Durango Blues Train features live blues music on the historic Durango & Silverton Narrow Gauge, coal-fired, steam-powered train. Over two weekends at the end of the summer, enjoy blues music while riding through some of Colorado's most beautiful canyons.

Guests
The 2017 artist line-up has not been released yet.

The June 2015 line-up featured Ben Miller Band, Moreland & Arbuckle, Eagle Eye Williamson, Cary Morin, The Bones of J.R. Jones, and Brian Keith Wallen.

The May 2015 lineup featured Dragondeer, Dan Treanor's Afrosippi Band with Erica Brown and MJ, Cary Morin, A.J. Fullerton featuring Big John Shrader, Grant Sabin, and Mark "Porkchop" Holder.
The August 2015 lineup featured Mark May Band, The King Stan Band, Possessed By Paul James, Charlie Parr, Reverend Deadeye, and Big Jim Adam.

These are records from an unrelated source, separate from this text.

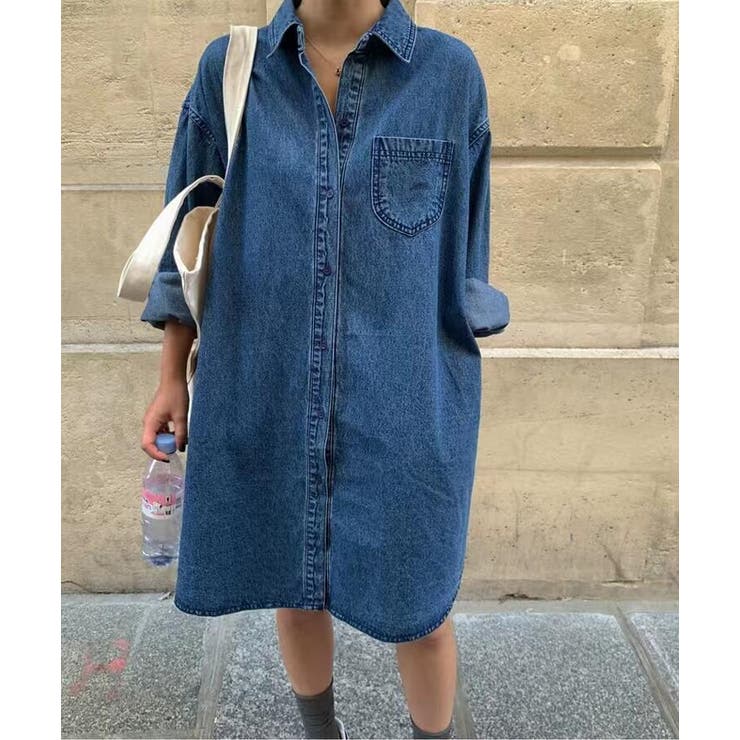 アウトレット★yemen デニムシャツドレス シャツカット ルーズフィット デニムワンピース[品番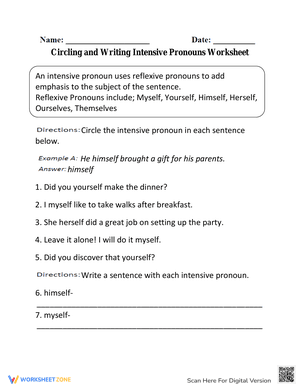 Circling Intensive Pronouns Worksheet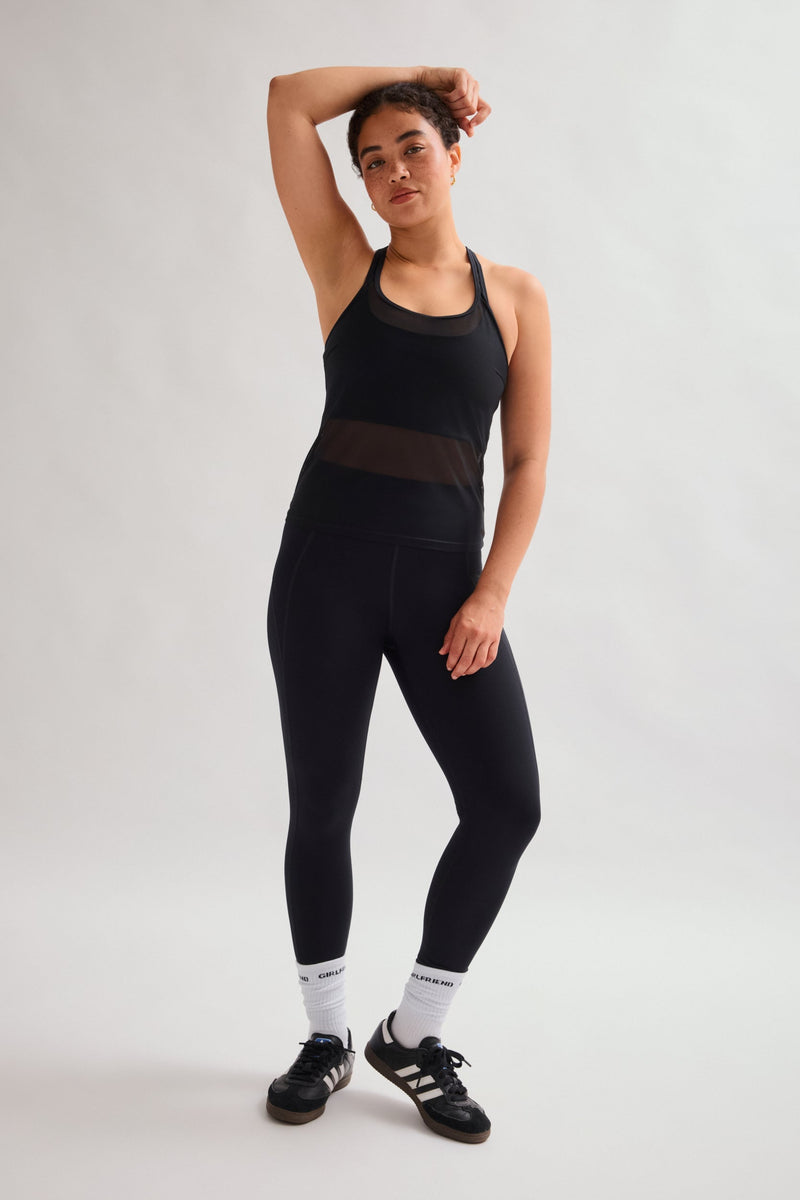 Girlfriend Collective Black Imani Mesh Tank Bra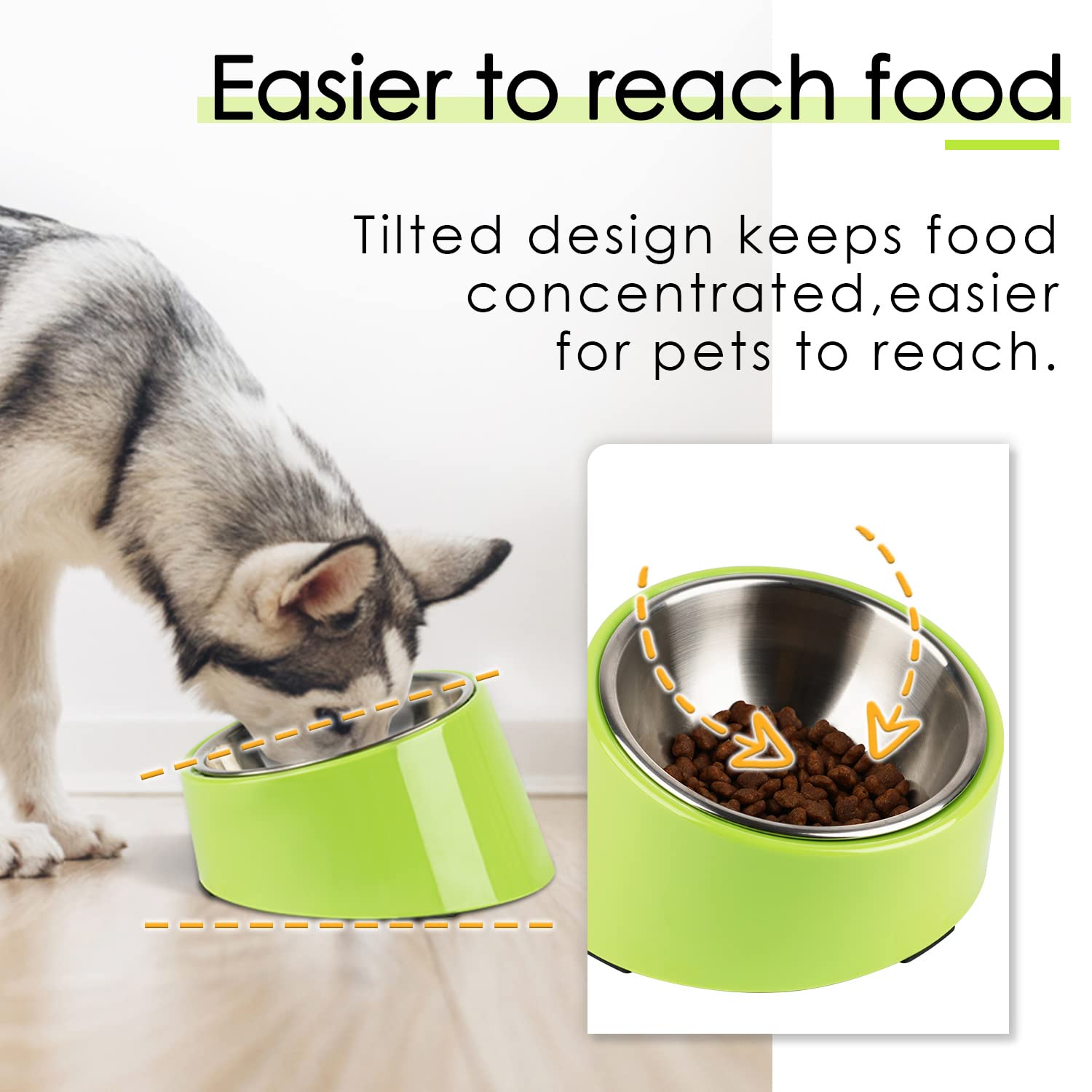Super Design Mess Free 15 Slanted Bowl for Dogs and Cats, Tilted Angle Bulldog Bowl Dog Feeder, Non-Skid & Non-Spill, Easier to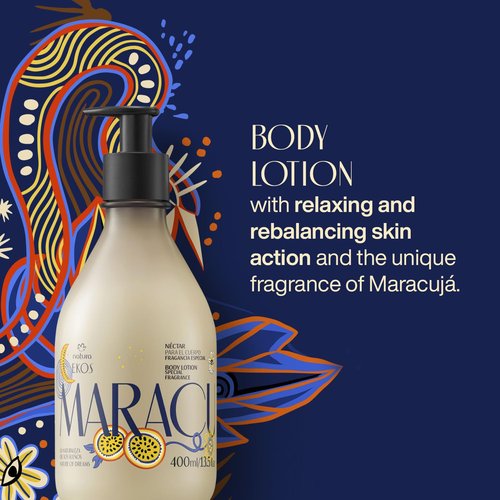 natura - Ekos Maracujá Nature of Dreams Body Lotion - Calming Lotion - 24 Hours of Hydration - Essential Fatty Acids - Vegan Skin Care - Brazilian Beauty Secrets - Body Care - 13.5 fl oz (400ml)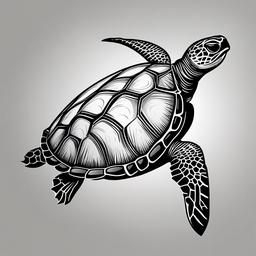 Black and Grey Sea Turtle Tattoo - Opt for a classic and timeless look with a black and grey sea turtle tattoo, showcasing intricate details in grayscale.  simple color tattoo,minimal vector art,white background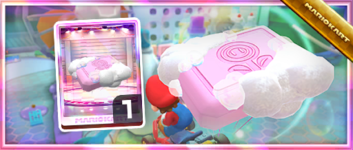 The Pink Bubble Balloon from the Spotlight Shop in the Vacation Tour in Mario Kart Tour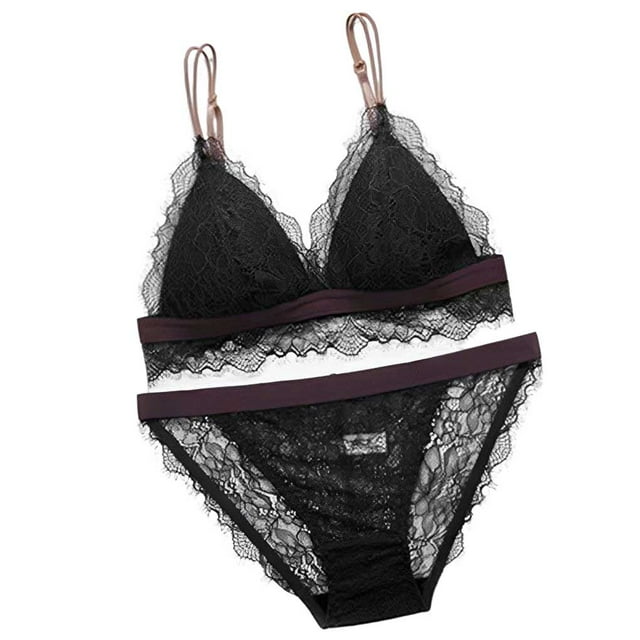 Jumpingount Conjunto de sujetador, ropa interior sin costuras, Bralette sin espalda, sujetador transpirable, lencería de encaje, conjuntos íntimos de Ropa interior Azul oscuro 32/70AB(S) Jumpingount AP018567-03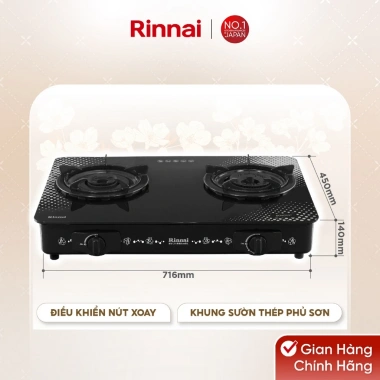 Bếp gas dương Rinnai RV-715Slim - Mặt kính SCHOTT, kiềng men, 3,249,950₫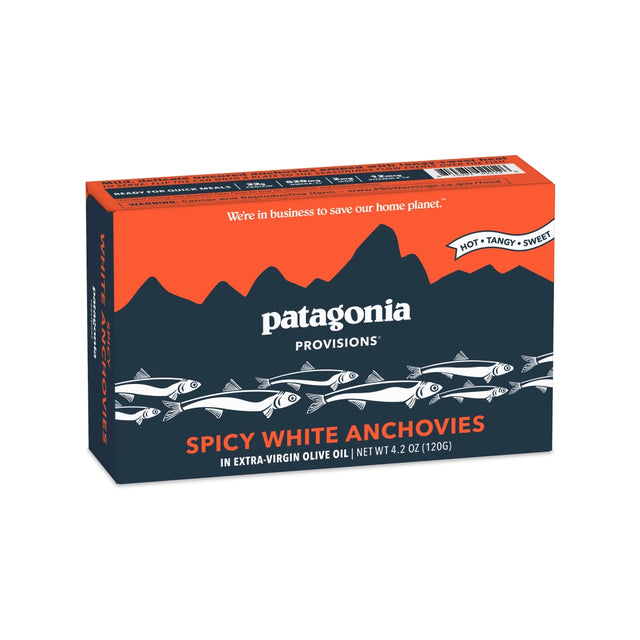 Box of Patagonia Provisions Spicy White Anchovies on a white background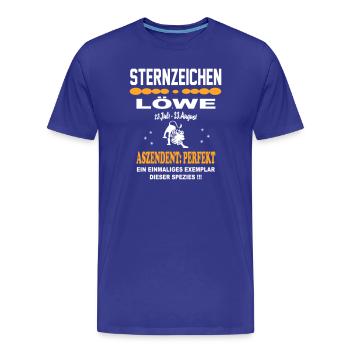 Sternzeichen Löwe: Ascendant Perfekt - Männer Premium Bio T-Shirt - Königsblau - Vorne - Damien (186cm)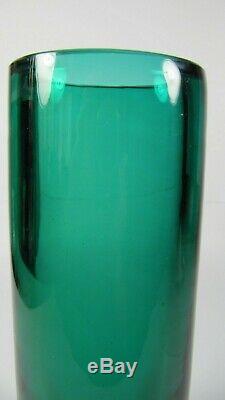 Vase En Verre De Murano Cylindre Vert Orange Bleu Sommerso Mid-century Modern Art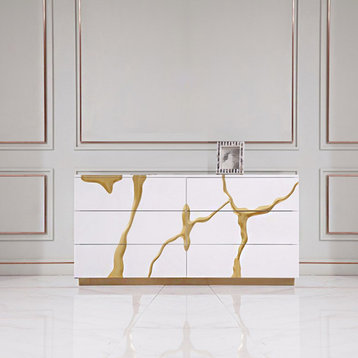 Piaz Dresser, Luxe Glam Chest Gold Bedroom Drawer, White
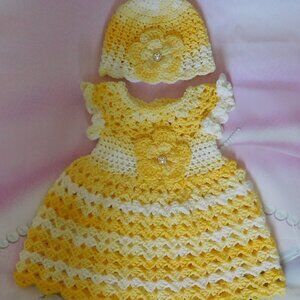 Crochet Baby Dress Handmade, Fits 0-3 Month, Baby Shower Gift, Flower Dress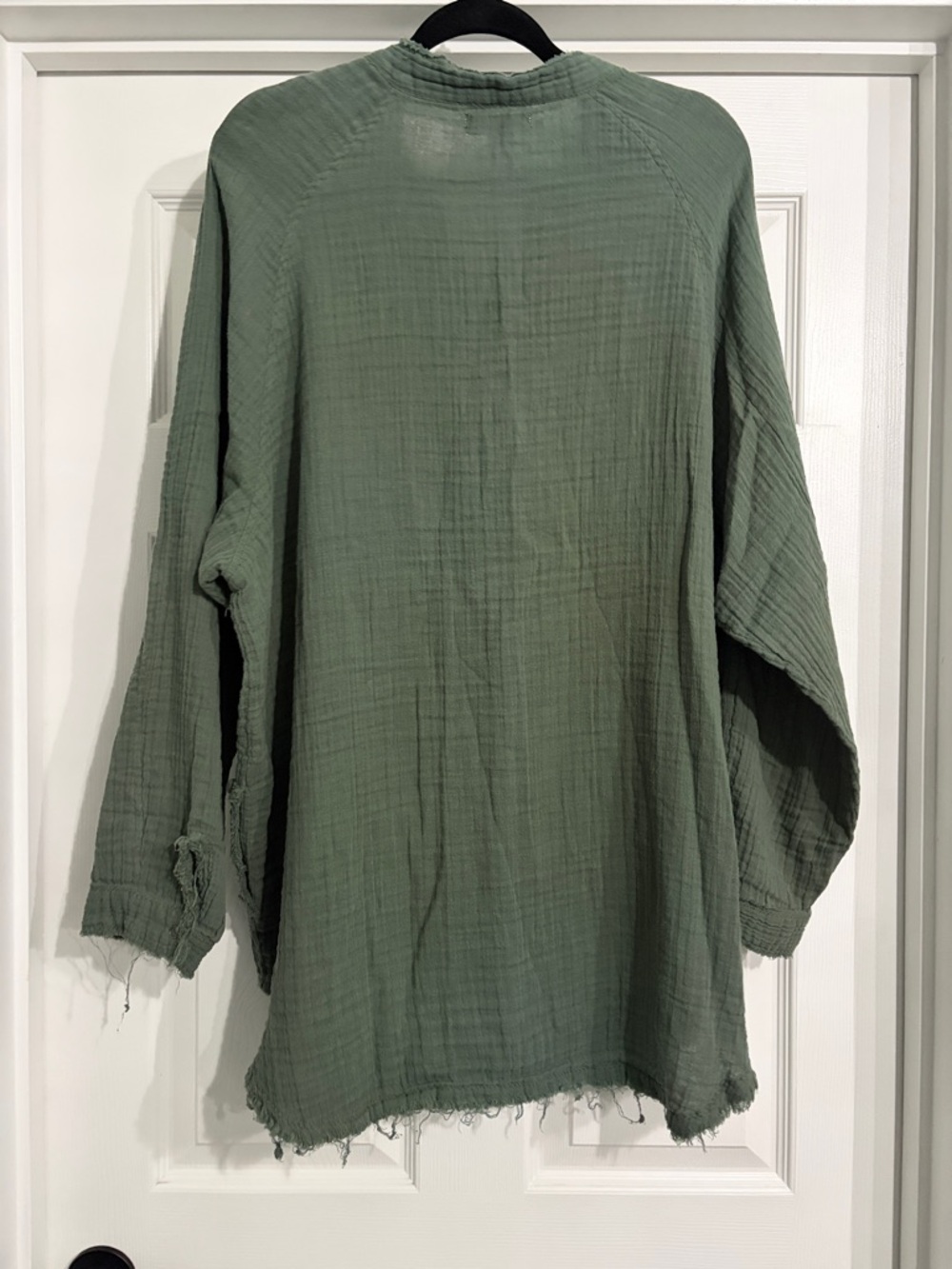 Natural Life Cotton Gauze Raw Hem Tunic with Pockets Green Size XL - Picture 3 of 10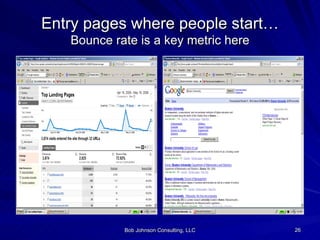 Entry pages where people start… Bounce rate is a key metric here 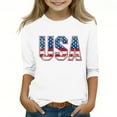 thumbnail image 2 of AUNVITO Kids 3/4 Sleeve & Round Neck T-shirts 4th of July Print Tops, 2 of 4
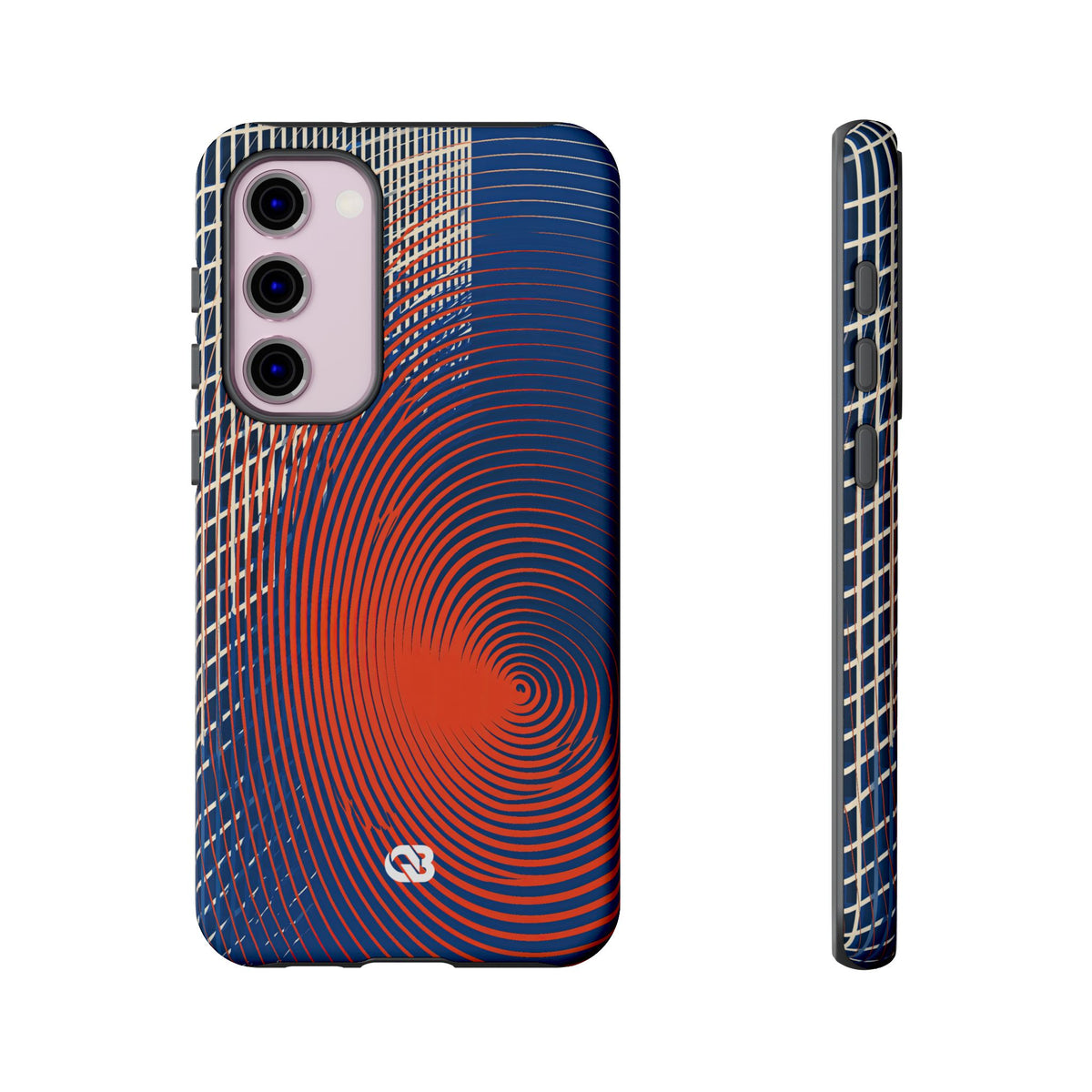 Blue Tough Phone Case for Samsung - Orange Orbit Grid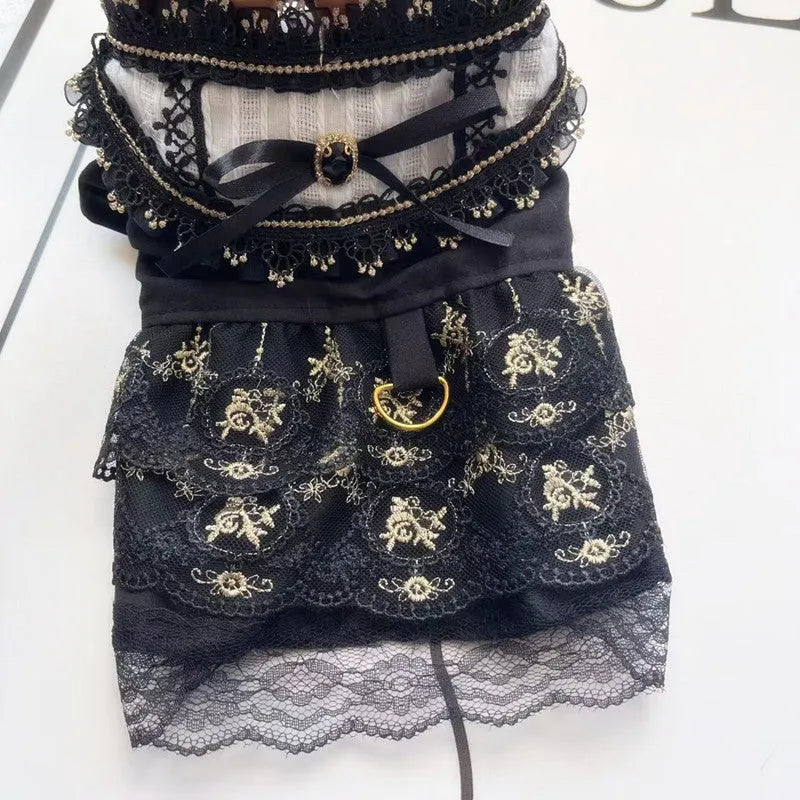 Golden ruffled gothic princess skirt costume being worn by a small dog or cat.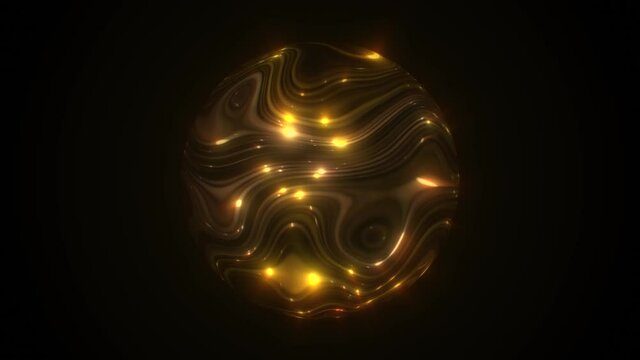 Gold Planet Shining Background Fx Loop/ 4k animation of an abstract golden shining planet with crater and volcano holes on space background with rays fx and loop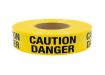 A roll of yellow caution danger tape featuring bold black text on a white background.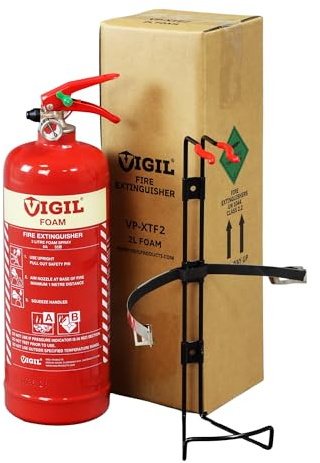 Vigil 2 Litre Foam Fire Extinguisher - Suitable for Class A & B Fires - 8A 55B Rating - 5-Year Warranty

In 2014, the event featured Big Sam's Funky Nation, Todd & The Fox, Robby Overfield, The Bottoms Up Blues Gang, Eddie Turner, C.W. Ayon, Johnny Long, Chris Dracup, Gino Matteo, Matthew Curry and the Fury, Alex Maryol, Kirk James, Kipori Woods, Leon J, One Roof Blues, Scotty Spenner, Franco Paletta, Rockin' Jake, Donny Morales, Valerie James, and Kevin Jones.